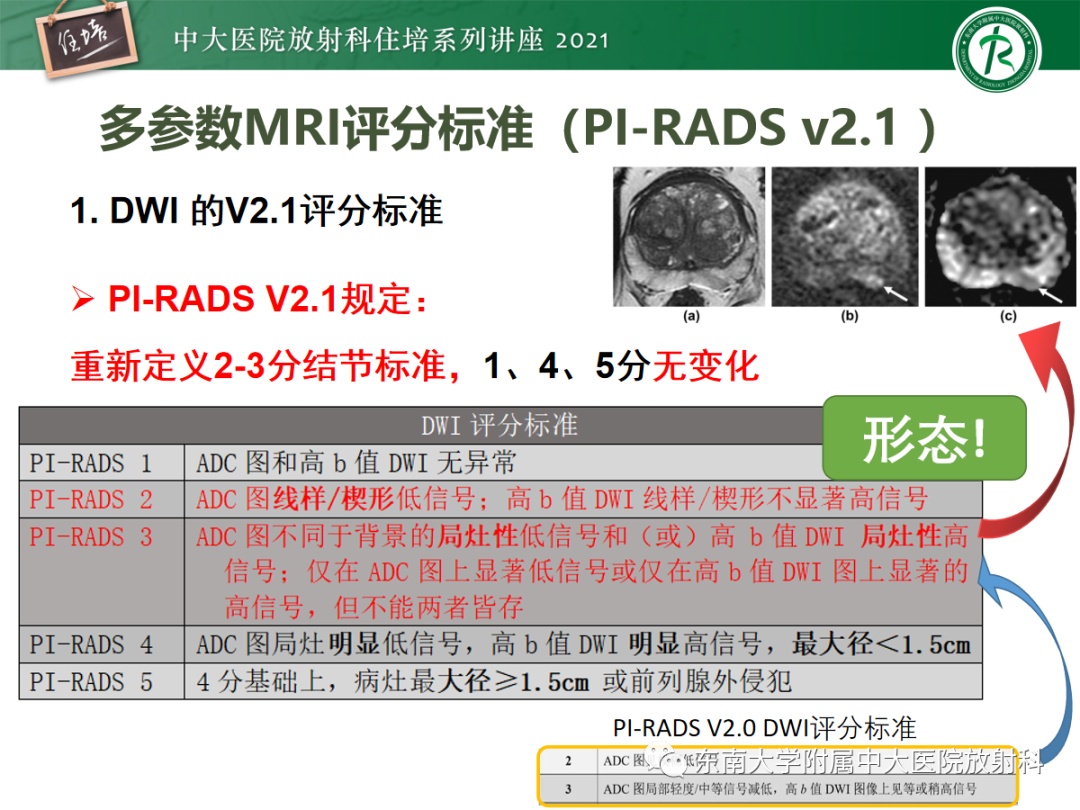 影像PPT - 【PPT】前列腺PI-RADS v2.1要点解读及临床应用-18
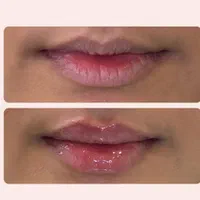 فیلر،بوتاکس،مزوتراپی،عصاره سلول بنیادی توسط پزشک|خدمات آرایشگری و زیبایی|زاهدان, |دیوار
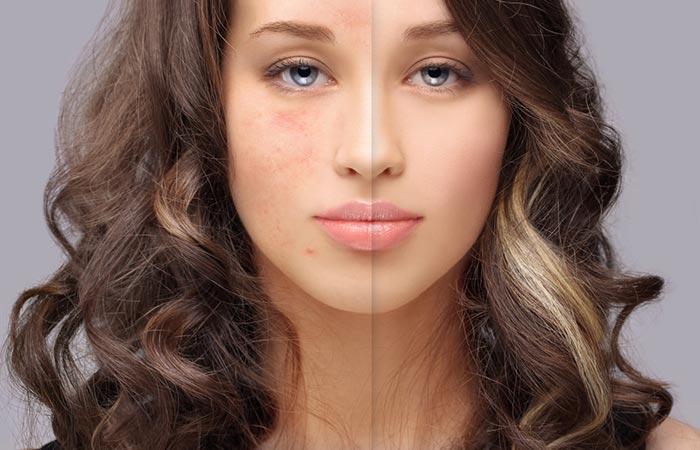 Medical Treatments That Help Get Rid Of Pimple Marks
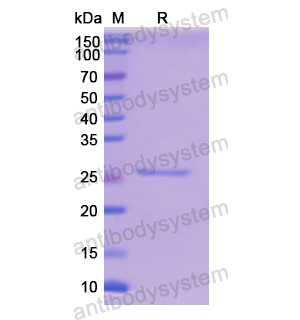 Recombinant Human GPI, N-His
______
Restate word for word, please, the line containing "فیلر،بوتاکس،مزوتراپی،عصاره سلول بنیادی" and all lines after it through the end of the material; the pictures do not belong in the copy.

• [Completed exercise]
 فیلر،بوتاکس،مزوتراپی،عصاره سلول بنیادی توسط پزشک|خدمات آرایشگری و زیبایی|زاهدان, |دیوار
 Medical Treatments That Help Get Rid Of Pimple Marks
 Recombinant Human GPI, N-His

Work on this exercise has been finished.